Diplomatic support for terrorism
Seven years after al-Qaeda terrorists Jamal al-Badawi and Fahd al-Quso confessed to me their crucial involvement in the bombing of the USS Cole, and three years after they were convicted in a Yemeni court -- where a judge imposed a death sentence on Badawi -- they, along with many other al-Qaeda terrorists, are free. On Oct. 12, 2000, when I flew to Yemen to lead the FBI's Cole investigation, I had no idea how uncooperative the Yemeni government would initially be. Nor could I have imagined how disconnected from reality the U.S. ambassador to Yemen then, Barbara K. Bodine, would prove.
I have hesitated in the past to share my view of the conflict between Bodine and the FBI's counterterrorism leader, John O'Neill.
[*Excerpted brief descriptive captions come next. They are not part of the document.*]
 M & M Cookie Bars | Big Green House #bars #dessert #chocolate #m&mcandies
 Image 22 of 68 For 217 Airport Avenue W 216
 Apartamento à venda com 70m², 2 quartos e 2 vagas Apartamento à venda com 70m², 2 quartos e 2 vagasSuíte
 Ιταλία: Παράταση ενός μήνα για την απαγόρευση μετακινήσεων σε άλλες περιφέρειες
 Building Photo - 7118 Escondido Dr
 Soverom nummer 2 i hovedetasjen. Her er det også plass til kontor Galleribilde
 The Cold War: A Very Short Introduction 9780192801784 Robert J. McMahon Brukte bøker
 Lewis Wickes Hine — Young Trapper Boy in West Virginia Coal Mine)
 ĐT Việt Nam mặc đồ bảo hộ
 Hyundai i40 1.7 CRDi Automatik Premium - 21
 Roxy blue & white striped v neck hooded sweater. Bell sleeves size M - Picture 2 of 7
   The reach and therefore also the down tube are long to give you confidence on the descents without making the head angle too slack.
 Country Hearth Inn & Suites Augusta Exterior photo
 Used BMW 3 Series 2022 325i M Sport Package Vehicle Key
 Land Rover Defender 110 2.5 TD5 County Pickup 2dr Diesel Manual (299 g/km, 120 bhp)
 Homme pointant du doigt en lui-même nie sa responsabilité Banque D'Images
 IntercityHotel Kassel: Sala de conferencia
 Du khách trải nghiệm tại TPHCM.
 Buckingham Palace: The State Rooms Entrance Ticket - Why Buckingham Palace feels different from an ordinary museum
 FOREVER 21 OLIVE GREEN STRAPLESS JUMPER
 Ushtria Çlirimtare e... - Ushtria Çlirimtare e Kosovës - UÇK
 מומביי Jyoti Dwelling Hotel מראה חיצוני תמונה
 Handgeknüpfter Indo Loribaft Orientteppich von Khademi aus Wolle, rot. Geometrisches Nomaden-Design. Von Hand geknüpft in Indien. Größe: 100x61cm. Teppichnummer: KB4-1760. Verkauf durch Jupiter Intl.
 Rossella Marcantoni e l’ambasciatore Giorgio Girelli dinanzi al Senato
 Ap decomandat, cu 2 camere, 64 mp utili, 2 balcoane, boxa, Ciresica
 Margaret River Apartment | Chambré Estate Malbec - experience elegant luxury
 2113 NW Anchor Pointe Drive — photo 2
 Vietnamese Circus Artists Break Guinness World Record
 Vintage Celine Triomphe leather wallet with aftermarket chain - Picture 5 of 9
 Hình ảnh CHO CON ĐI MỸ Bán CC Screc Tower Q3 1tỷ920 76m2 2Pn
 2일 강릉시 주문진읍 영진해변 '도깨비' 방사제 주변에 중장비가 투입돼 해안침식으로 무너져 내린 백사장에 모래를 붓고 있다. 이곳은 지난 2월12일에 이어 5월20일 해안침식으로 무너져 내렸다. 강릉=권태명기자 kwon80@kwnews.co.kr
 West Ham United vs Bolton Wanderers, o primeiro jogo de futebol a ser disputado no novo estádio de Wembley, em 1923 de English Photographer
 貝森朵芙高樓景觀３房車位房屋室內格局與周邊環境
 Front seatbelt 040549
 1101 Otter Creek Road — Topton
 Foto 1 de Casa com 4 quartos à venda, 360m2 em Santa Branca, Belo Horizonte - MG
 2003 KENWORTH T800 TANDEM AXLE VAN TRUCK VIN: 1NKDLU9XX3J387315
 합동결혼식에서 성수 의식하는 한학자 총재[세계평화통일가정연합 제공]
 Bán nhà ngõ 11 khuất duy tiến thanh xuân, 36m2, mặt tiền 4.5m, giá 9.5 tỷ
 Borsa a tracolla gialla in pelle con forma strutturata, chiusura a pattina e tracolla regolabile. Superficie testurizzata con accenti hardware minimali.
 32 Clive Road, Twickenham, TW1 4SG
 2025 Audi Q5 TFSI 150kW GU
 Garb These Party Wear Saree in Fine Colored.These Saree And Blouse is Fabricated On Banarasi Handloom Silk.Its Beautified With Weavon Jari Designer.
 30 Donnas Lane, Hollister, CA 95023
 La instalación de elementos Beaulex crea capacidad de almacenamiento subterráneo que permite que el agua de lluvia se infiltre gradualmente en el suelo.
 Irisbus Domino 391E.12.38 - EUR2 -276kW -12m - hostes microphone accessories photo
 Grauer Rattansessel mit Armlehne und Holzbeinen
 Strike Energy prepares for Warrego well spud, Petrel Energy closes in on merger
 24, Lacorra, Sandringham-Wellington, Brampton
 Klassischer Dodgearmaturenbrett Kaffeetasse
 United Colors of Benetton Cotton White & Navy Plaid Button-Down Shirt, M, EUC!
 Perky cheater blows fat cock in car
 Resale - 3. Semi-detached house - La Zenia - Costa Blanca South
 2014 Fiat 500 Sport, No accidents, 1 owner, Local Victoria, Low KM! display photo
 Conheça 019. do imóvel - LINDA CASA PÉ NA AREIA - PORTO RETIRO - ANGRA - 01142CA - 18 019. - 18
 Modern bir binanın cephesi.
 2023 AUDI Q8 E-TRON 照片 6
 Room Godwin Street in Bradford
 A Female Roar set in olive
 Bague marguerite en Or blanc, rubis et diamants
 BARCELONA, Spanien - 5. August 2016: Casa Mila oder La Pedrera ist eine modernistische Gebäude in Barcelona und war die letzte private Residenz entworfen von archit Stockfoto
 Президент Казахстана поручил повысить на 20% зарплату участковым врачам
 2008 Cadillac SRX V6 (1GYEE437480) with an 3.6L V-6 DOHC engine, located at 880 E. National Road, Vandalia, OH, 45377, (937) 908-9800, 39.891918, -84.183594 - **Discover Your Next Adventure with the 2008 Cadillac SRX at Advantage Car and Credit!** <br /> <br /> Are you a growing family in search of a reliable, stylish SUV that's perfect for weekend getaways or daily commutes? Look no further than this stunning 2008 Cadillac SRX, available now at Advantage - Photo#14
I feel compelled, however, to respond to Bodine's recent comments, which slander the efforts of many dedicated counterterrorism agents and divert attention from the significant terrorist problem within Yemen, our "ally" in the "war on terror."
A recent Post report on Yemen allowing al-Qaeda operatives to go free offered insight into the challenges the FBI faced. Bodine was quoted in the article not urging the Yemeni government to rearrest the terrorists but, instead, denigrating the agents who investigated the attack. She faulted the FBI as being slow to trust Yemeni authorities and said agents were "dealing with a bureaucracy and a culture they didn't understand. . . . We had one group working on a New York minute, and another on a 4,000-year-old history."
In fact, our team included several Arab American agents who understood the culture and the region. Even so, such comments were irrelevant. The FBI left Yemen with the terrorists in jail.
It is true that while tracking the terrorists we worked "on a New York minute." We owed that much to the sailors murdered on the Cole and to all innocent people who remained targets as long as the terrorists were free.
It is also true that we did not trust some Yemeni officials. We had good reason not to:
When the FBI arrived in Yemen, some government officials tried to convince us that the explosion had been caused by a malfunction in the Cole's operating systems. Yemeni President Ali Abdullah Saleh even asked the U.S. government for money to clean up port damage the United States "caused."
After we took representatives from various security agencies aboard the Cole and proved to them that the explosion was caused by an external attack, some Yemeni officials claimed that those responsible had died in the attack and that there was no reason to keep investigating. Similar excuses and smoke screens were rampant.
We faced constant threats to our safety, not just from terrorists. Members of the Yemeni parliament, in fiery speeches broadcast on official television, called for "jihad" to be declared against us. The hotel where we stayed was shot at and received at least one bomb threat, prompting an evacuation.
Rather than supporting us, Bodine declared John O'Neill, a man greatly respected by his Yemeni counterparts, persona non grata.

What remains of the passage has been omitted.